For a long time, dealers could effectively set the prices, or the ceiling, on a vehicle. They had great discretion and latitude.
Buyers, meanwhile, might have chipped away at the asking price, but dealers countered, and fortified their ceiling, with negotiation-savvy desk managers.
Today, things are much different. The market sets the ceiling for used vehicle pricing. And, in recent years, the rising weight of Internet-driven market efficiency and transparency put more pressure on the ceiling. As the load grows, the ceiling sags–narrowing the gross profit margin between a dealer’s cost to own a vehicle and its eventual selling price.
One might ask: “Dale, the average used vehicle transaction prices are higher, so how can the ceiling be closing in?”

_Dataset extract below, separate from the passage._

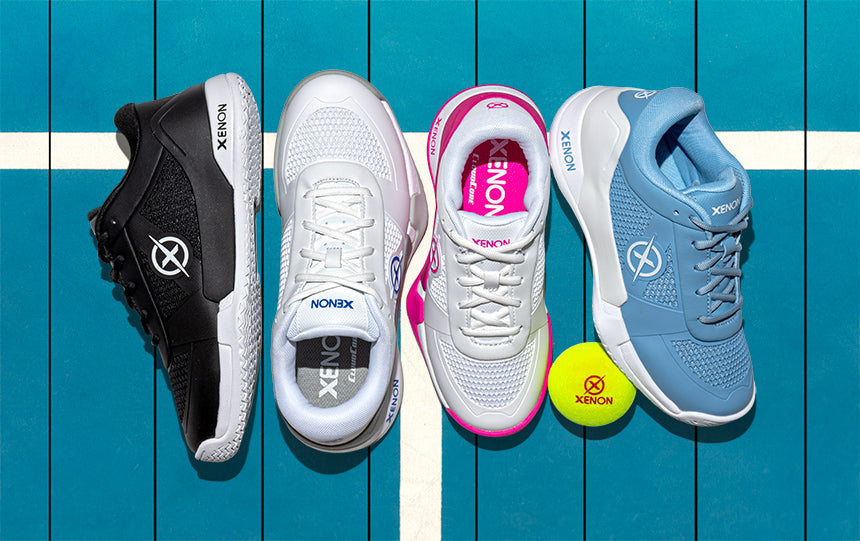 Platform Tennis Shoes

It’s a valid question, but it overlooks the fact that many dealers are retailing more expensive vehicles and the margin between their cost and selling prices has been shrinking. The latest stats from NADA show that retail gross profits as a percentage of used vehicle sales prices dropped another 3 percent between 2016 and 2017—part of a downward trend that’s been occurring for several years.
In my last post, I tried to underscore why the dynamics of margin compression and market conditions make it difficult, if not impossible, for dealers to take the traditional tack of raising used vehicle prices to offset gross profit declines.

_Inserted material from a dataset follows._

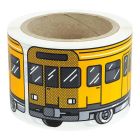 FLUX System Stickers Berlin Metro 200 stuks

The post wasn’t intended to suggest that dealers can never raise used vehicle prices. There are instances when a vehicle’s Market Days Supply, and your retail objectives, warrant a price increase. This scenario, however, is a more calculated and market-justified move than simply increasing prices to gain more gross.
My previous post also promised four ways dealers can combat margin compression that go beyond rational, market-based pricing. Here they are:
1. Reduce inventory age. In today’s margin-compressed market, retail speed is the only way to take advantage of the age-old truth that fresh cars deliver the best gross. Dealers who sell a larger share of fresh vehicles would maximize each unit’s gross profit potential.

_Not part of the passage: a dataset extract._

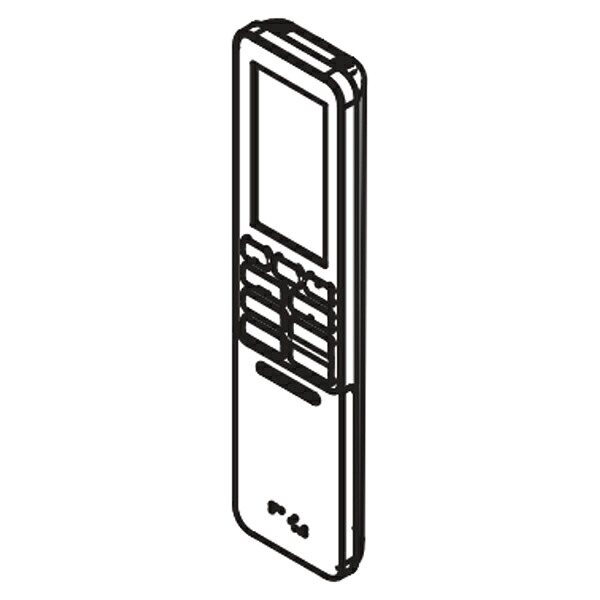 東芝 TOSHIBA エアコン リモコン 43066054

This is why more dealers are aiming to maintain—and retail—a larger share of their inventories under 30 days of age. I encourage dealers to maintain a minimum of 55 percent of their inventory under this threshold. I know of several dealers who actually go further, and retail 60 percent or more of their vehicles in less than 30 days.
Of course, your used vehicle pricing strategy needs to go hand in hand with your efforts to reduce inventory age and retail more vehicles while they are fresh. I encourage dealers to examine when their retail sales occur, and assess how well their age-related Price to Market adjustments and targets help them achieve a faster pace of sales.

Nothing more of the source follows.